As well as details of 35 million customers worldwide being stolen, with nearly 3 million UK users affected, 3.7 million Uber drivers' details were also exposed in the attack. This included the details of 82,000 Uber drivers in the UK.
The attackers breached the security of Uber's servers, located on Amazon Web Services Simple Storage Service, known as S3, and downloaded 16 large files containing the details of customers and drivers from around the world. The attackers gained access to Uber's S3 servers through credentials listed on a private GitHub repository owned and managed by GitHub which had previously been compromised.
The ride-sharing company has been through a tough time recently, culminating in founder Travis Kalanick leaving in 2017. (Image: Victor Xok, Unsplash)
The attack took place over a sustained period between October 13 and November 15, 2016, after which the attackers notified Uber of the security breach and demanded $100,000, in order to reveal how they had accessed the S3 servers, and implied they would not destroy the details until the money was paid in full. Uber's US division paid this, but crucially did not inform the relevant parties, and the affected users, of the attack, leading to the fine. Additionally, Uber US was fined $148 million earlier this year for the same reason.
ICO said that the fine was for Uber's inadequate information security -- the credentials for the S3 server on GitHub were in plaintext, and the GitHub repo did not need two-factor authentication in order to be accessed -- and the company's failure to disclose the attack to the public or the customers who had had their details stolen.

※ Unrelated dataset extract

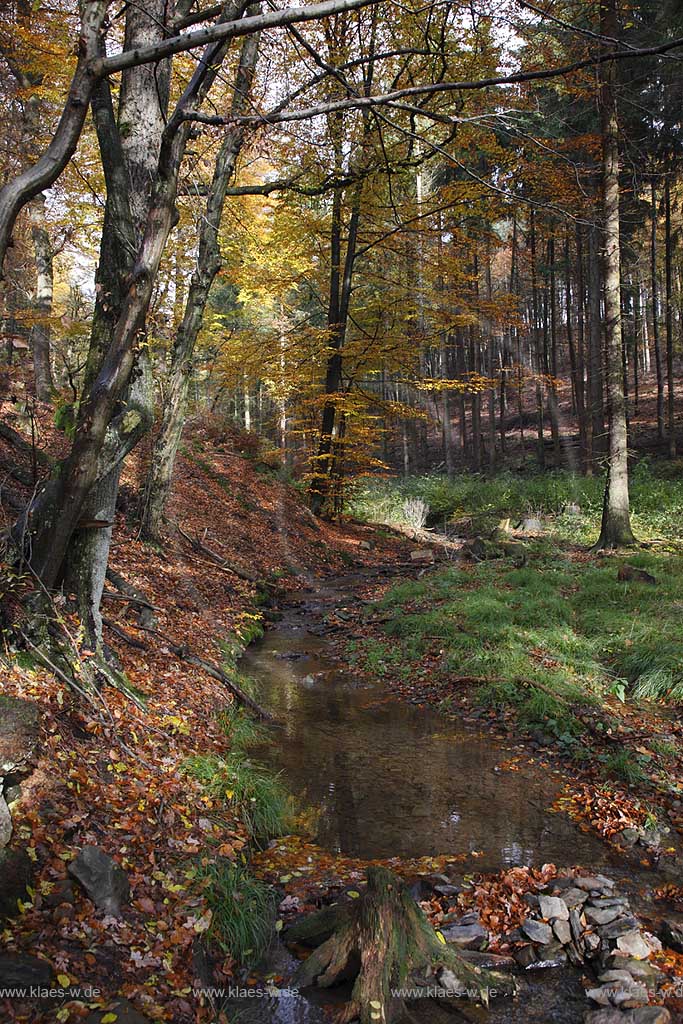   Remscheid, Herbstimpression im Eschbachtal, Herbstwald mit einem Eschbach Nebenbach am Roentgenweg; Remscheid Eschbach valley, autumn coloured trees, forest with a beck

Uber has also been fined €600,000 (£532,000) by the Dutch data protection authority -- 174,000 Dutch citizens had their personal details stolen.
In response, Uber has made made two-factor authentication mandatory for access to private GitHub repos, and started rotating the credentials for the S3 servers in the private GitHub repo.
ICO commented: "Uber US did not follow the normal operation of its bug bounty programme. In this incident Uber US paid outside attackers who were fundamentally different from legitimate bug bounty recipients: instead of merely identifying a vulnerability and disclosing it responsibly, they maliciously exploited the vulnerability and intentionally acquired personal information relating to Uber users."